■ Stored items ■

*** Begin section ***

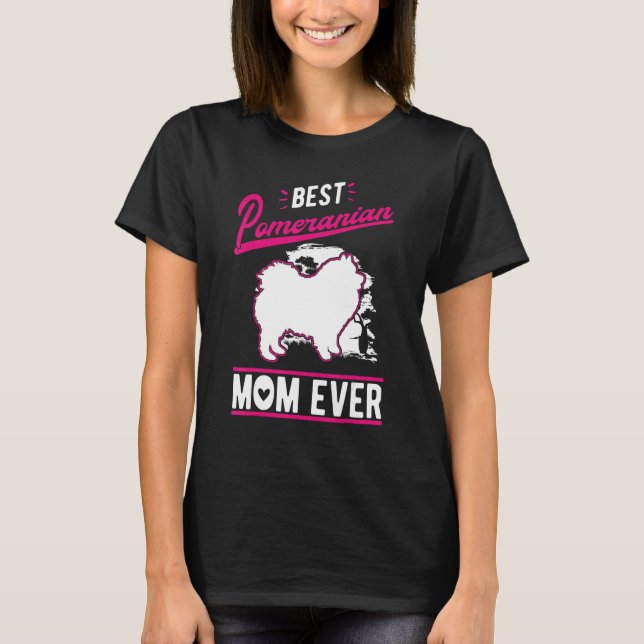 T-shirt Best Pomeranian Mom Ever (Devant)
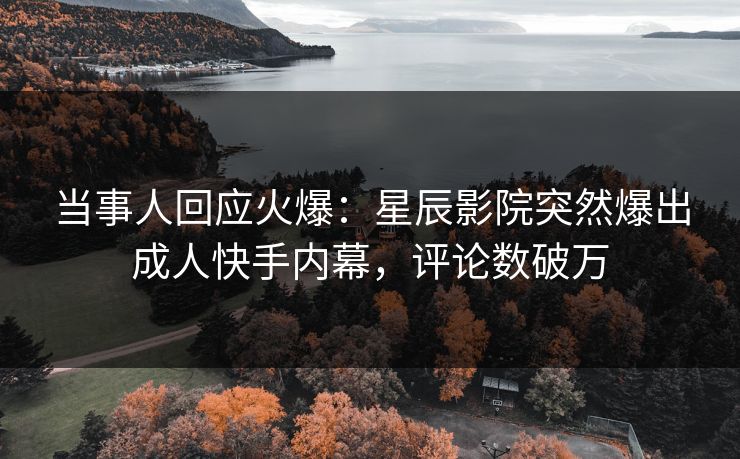 当事人回应火爆：星辰影院突然爆出成人快手内幕，评论数破万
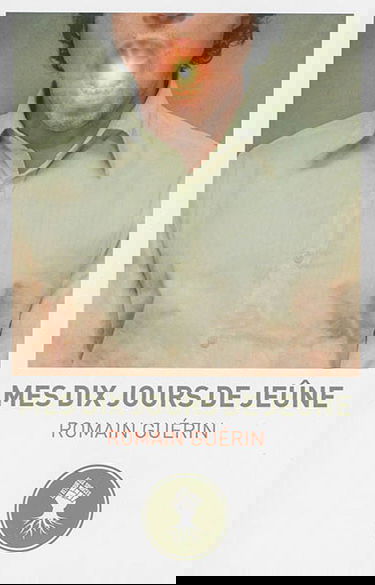 Mes dix jours de jeûne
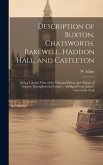 Description of Buxton, Chatsworth, Bakewell, Haddon Hall, and Castleton: With a Tabular View of the Principal Drives and Objects of Interest Throughou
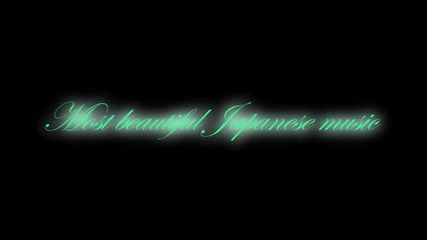 The most beautiful japanese songs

*** End section ***

■ What to work on ■
Please copy only the lines from the one that contains "当事人回应火爆：星辰影院突然爆出成人快手内幕，评论数破万" through the last line of the records, exactly, and keep every picture out of the copy.

■ Problem solution ■
 当事人回应火爆：星辰影院突然爆出成人快手内幕，评论数破万
 Mes dix jours de jeûne
 Description of Buxton, Chatsworth, Bakewell, Haddon Hall, and Castleton: With a Tabular View of the Principal Drives and Objects of Interest Throughou
 The most beautiful japanese songs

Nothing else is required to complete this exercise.